• **RECORDS**
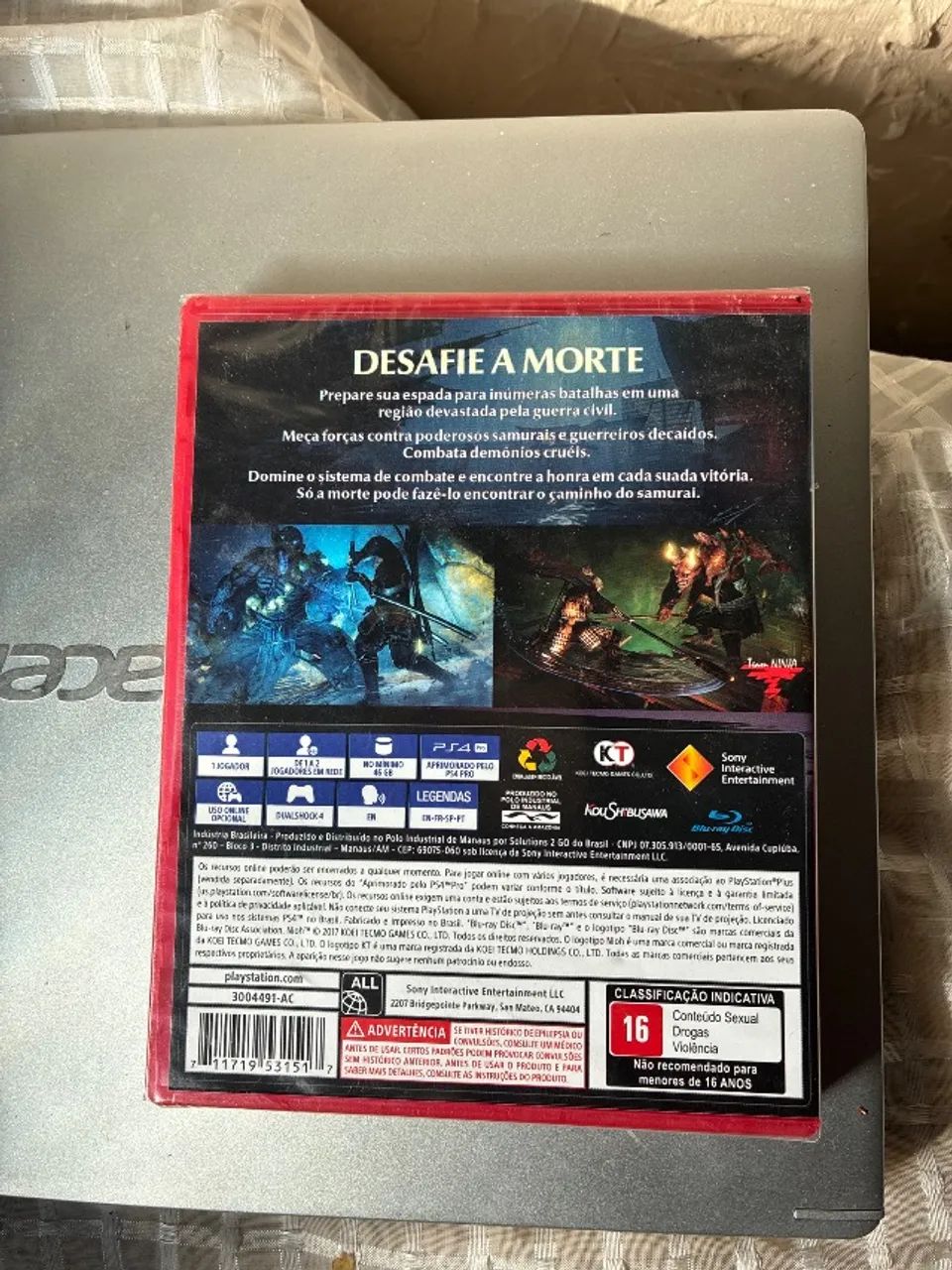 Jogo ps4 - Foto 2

---

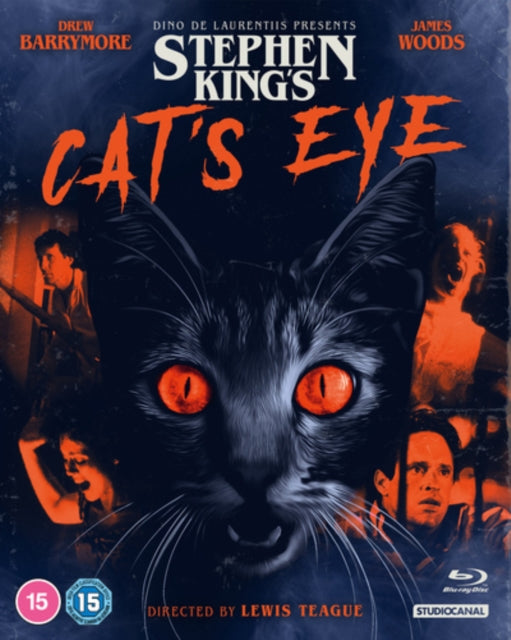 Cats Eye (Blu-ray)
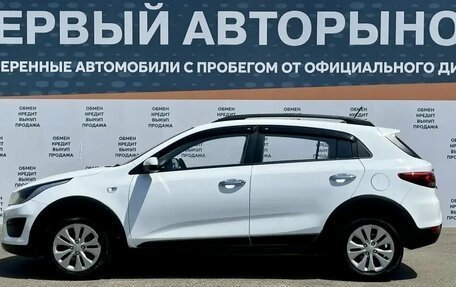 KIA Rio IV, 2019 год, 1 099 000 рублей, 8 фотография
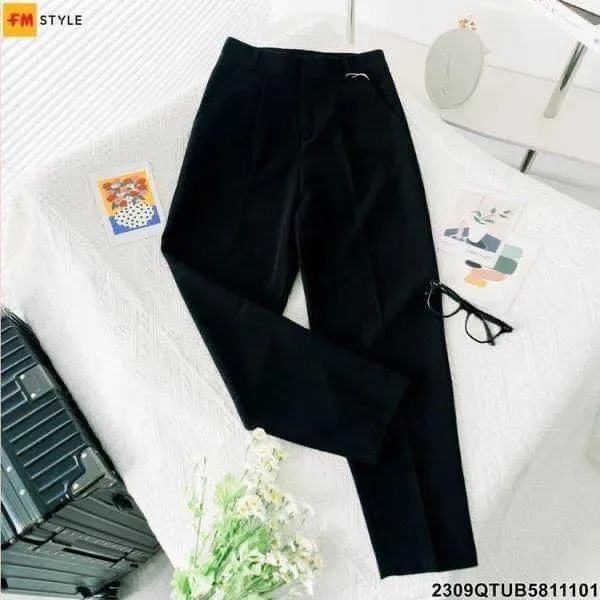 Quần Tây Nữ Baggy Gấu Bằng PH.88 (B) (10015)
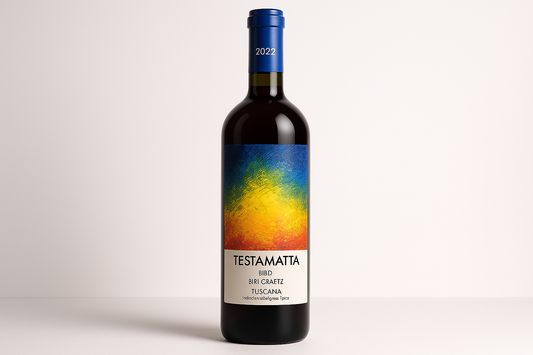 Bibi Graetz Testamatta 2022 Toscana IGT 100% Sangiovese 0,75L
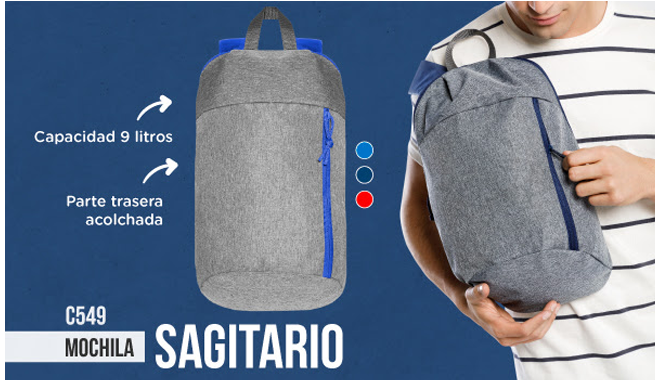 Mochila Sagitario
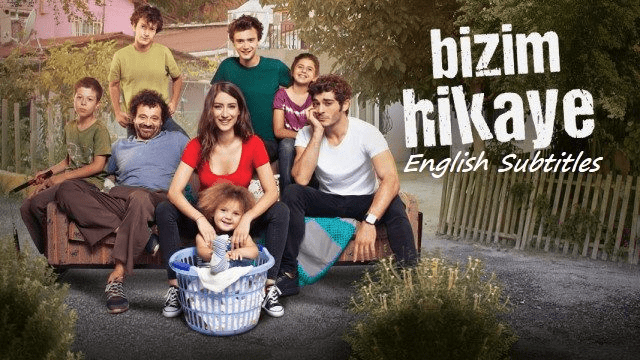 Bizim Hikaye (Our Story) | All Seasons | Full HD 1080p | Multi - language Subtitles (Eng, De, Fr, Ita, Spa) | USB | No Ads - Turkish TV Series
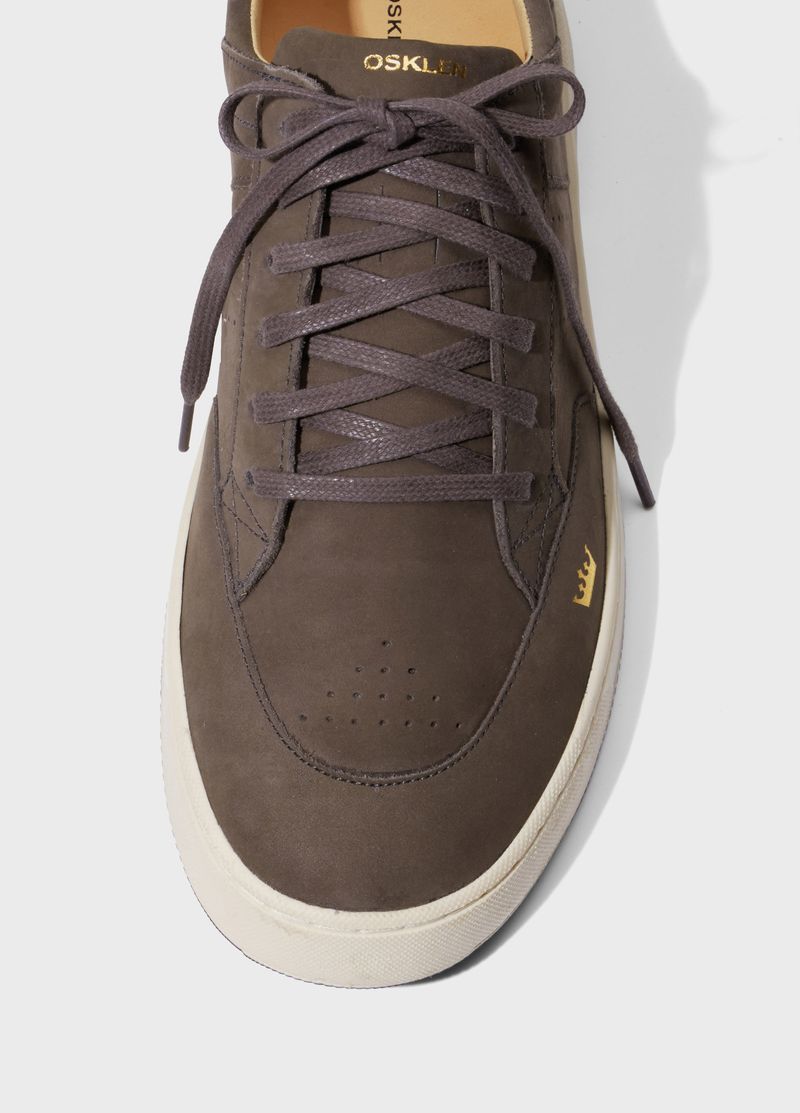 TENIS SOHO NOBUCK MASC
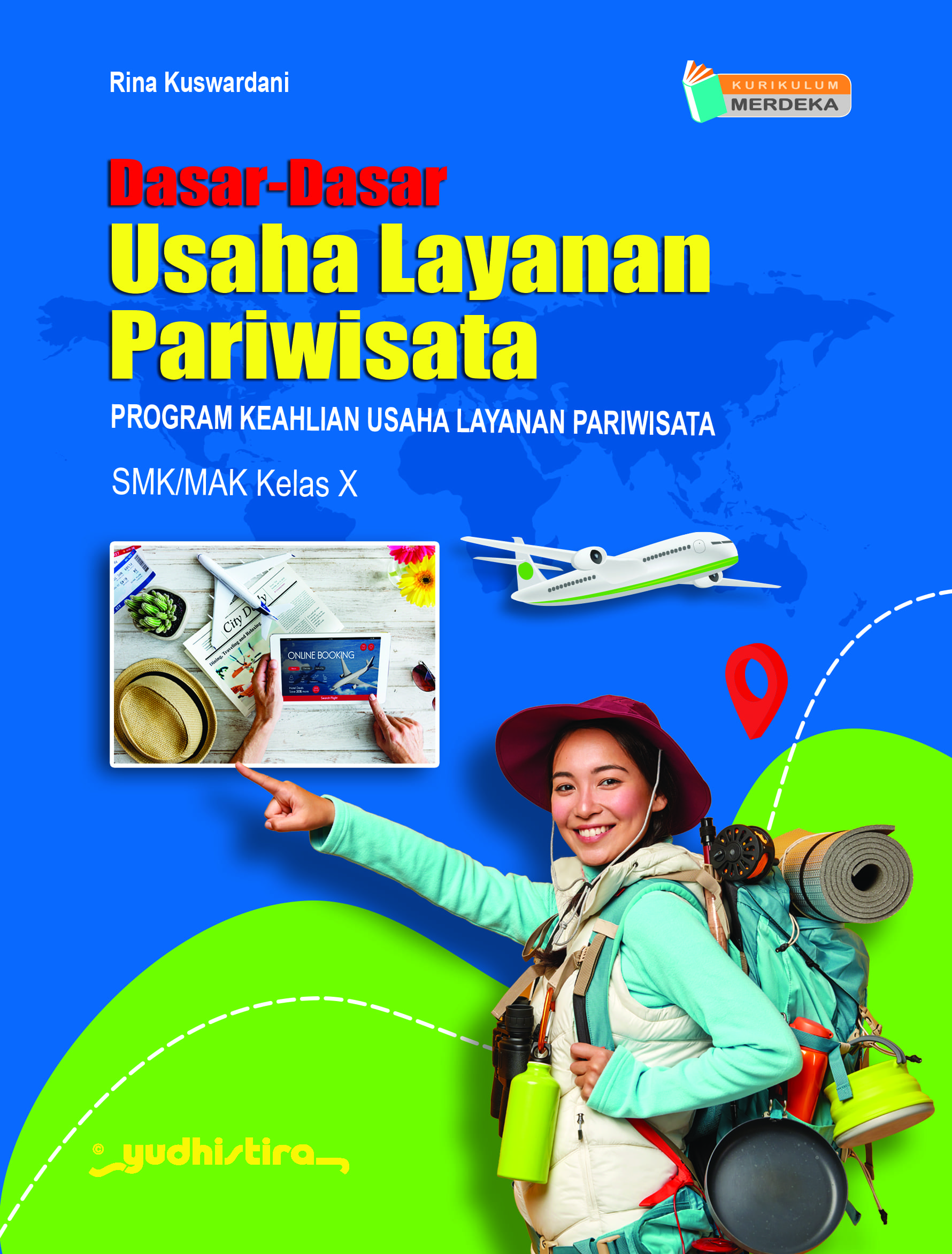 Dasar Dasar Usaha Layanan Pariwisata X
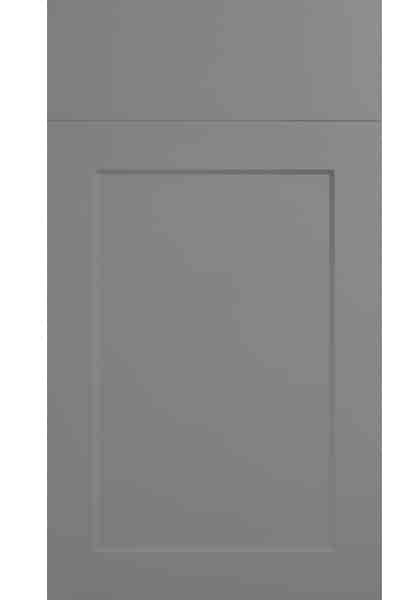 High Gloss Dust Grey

• **WHAT IS BEING ASKED**
In the listing above, find the line containing "Dasar Dasar Usaha Layanan Pariwisata X" and the line containing "High Gloss Dust Grey", then print exactly those two lines and every line between them, minus the pictures.

• **TASK RESPONSE**
 Dasar Dasar Usaha Layanan Pariwisata X
 High Gloss Dust Grey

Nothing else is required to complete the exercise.